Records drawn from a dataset
%%

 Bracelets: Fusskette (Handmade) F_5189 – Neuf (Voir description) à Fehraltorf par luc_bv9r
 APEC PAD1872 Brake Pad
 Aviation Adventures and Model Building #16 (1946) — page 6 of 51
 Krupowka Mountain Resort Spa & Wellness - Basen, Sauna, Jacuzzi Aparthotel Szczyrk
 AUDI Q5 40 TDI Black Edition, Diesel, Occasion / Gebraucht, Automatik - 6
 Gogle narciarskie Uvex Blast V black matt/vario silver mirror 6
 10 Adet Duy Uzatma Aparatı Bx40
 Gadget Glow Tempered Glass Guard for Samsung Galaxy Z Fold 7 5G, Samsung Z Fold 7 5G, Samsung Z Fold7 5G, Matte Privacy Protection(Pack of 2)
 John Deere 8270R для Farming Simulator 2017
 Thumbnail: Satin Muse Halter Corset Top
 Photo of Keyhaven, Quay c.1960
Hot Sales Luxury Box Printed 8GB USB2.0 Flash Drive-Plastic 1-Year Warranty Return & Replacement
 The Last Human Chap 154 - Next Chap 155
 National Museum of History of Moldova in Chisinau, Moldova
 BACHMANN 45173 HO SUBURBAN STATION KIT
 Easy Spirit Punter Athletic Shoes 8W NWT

%%

▶ Exercise instructions
Write out exactly the final stretch of the records: the line containing "National Museum of" and every line after it, through the last, and nothing else.

▶ Completed exercise
 National Museum of History of Moldova in Chisinau, Moldova
 BACHMANN 45173 HO SUBURBAN STATION KIT
 Easy Spirit Punter Athletic Shoes 8W NWT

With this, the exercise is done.